Understanding BOLA is essential for any organization building or consuming APIs, because a single exploitable instance can expose millions of records without triggering traditional intrusion alerts.

What Is Broken Object Level Authorization (BOLA)?

Broken Object Level Authorization (BOLA) is an access control vulnerability specific to APIs. It arises when an API endpoint accepts an object identifier from a client request and returns or modifies the corresponding data without verifying that the authenticated user has permission to access that particular object.

In practical terms, consider an API endpoint that retrieves user account details based on an account ID passed in the URL. If the API only checks whether the user is authenticated but does not verify whether the authenticated user owns or has permission to access the requested account ID, any authenticated user can enumerate through account IDs and retrieve other users’ data.

BOLA is distinct from broken authentication, which concerns verifying identity. BOLA assumes the user is already authenticated but exploits the absence of proper authorization checks at the object level. This distinction is critical because many APIs implement robust authentication while failing to enforce granular authorization for individual data objects.

The vulnerability affects all types of object references, including sequential numeric IDs, UUIDs, filenames, and database keys. Even non-predictable identifiers such as UUIDs provide limited protection if attackers can harvest valid identifiers through other endpoints or application features.

How Broken Object Level Authorization Works

Object Identifier Manipulation

Attackers begin by observing legitimate API requests and identifying object identifiers in URLs, request bodies, query parameters, or headers. For example, a request to /api/orders/1045 reveals that order records are accessed by numeric ID. The attacker then modifies this identifier to /api/orders/1046, /api/orders/1047, and so on, testing whether the API returns data belonging to other users.

Authorization Bypass

The vulnerability manifests when the API processes these modified requests without comparing the requesting user’s identity or permissions against the ownership or access rights of the requested object. The server authenticates the session token but never validates whether user A is authorized to access user B’s order record.
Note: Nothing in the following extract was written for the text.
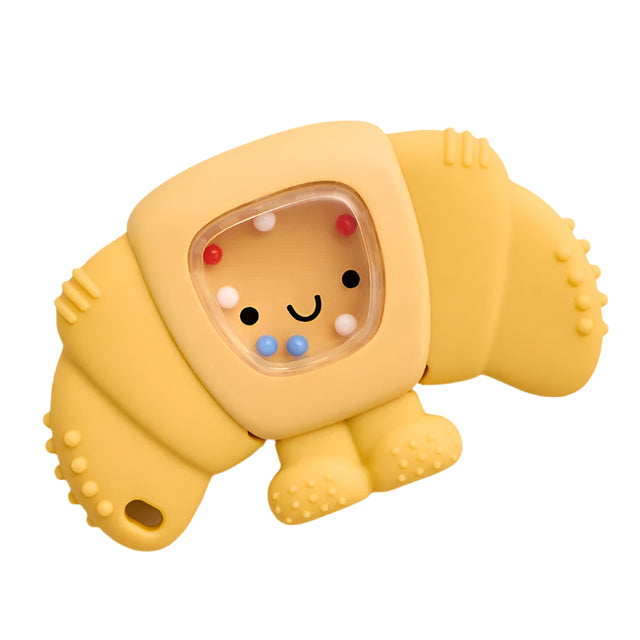 Sweetie Shake Plus™ Rattle & Teether - HoneyBug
Data Exposure or Modification

Depending on the API’s functionality, successful BOLA exploitation can lead to unauthorized reading of sensitive data, modification of records, deletion of objects, or even financial fraud. Attackers can automate enumeration using simple scripts, rapidly harvesting thousands or millions of records.

Evasion of Traditional Controls

BOLA attacks are notoriously difficult to detect because each individual request appears legitimate. The attacker uses valid credentials, valid session tokens, and properly formatted requests. Traditional web application firewalls and intrusion detection systems, which look for malicious payloads or anomalous traffic patterns, often fail to flag BOLA exploitation because the requests are structurally normal.

Key Characteristics of BOLA

  • Authorization logic flaw: BOLA is not a code injection or configuration error. It is a missing or inadequate authorization check at the data object level, making it a logic vulnerability.
  • High prevalence in APIs: APIs inherently expose object identifiers to clients, and the stateless nature of RESTful APIs means every request must independently enforce authorization, increasing the likelihood of gaps.
  • Low attack complexity: Exploiting BOLA requires minimal technical skill. Attackers need only modify a parameter value in an API request, making it accessible to even unsophisticated threat actors.
  • Severe data impact: A single BOLA vulnerability can expose entire datasets. Real-world breaches attributed to BOLA have compromised millions of user records, including personal data, financial information, and health records.
  • Difficult to detect automatically: Static analysis and automated scanners struggle to identify BOLA because it requires understanding the business logic of who should access what, not just the technical structure of the code.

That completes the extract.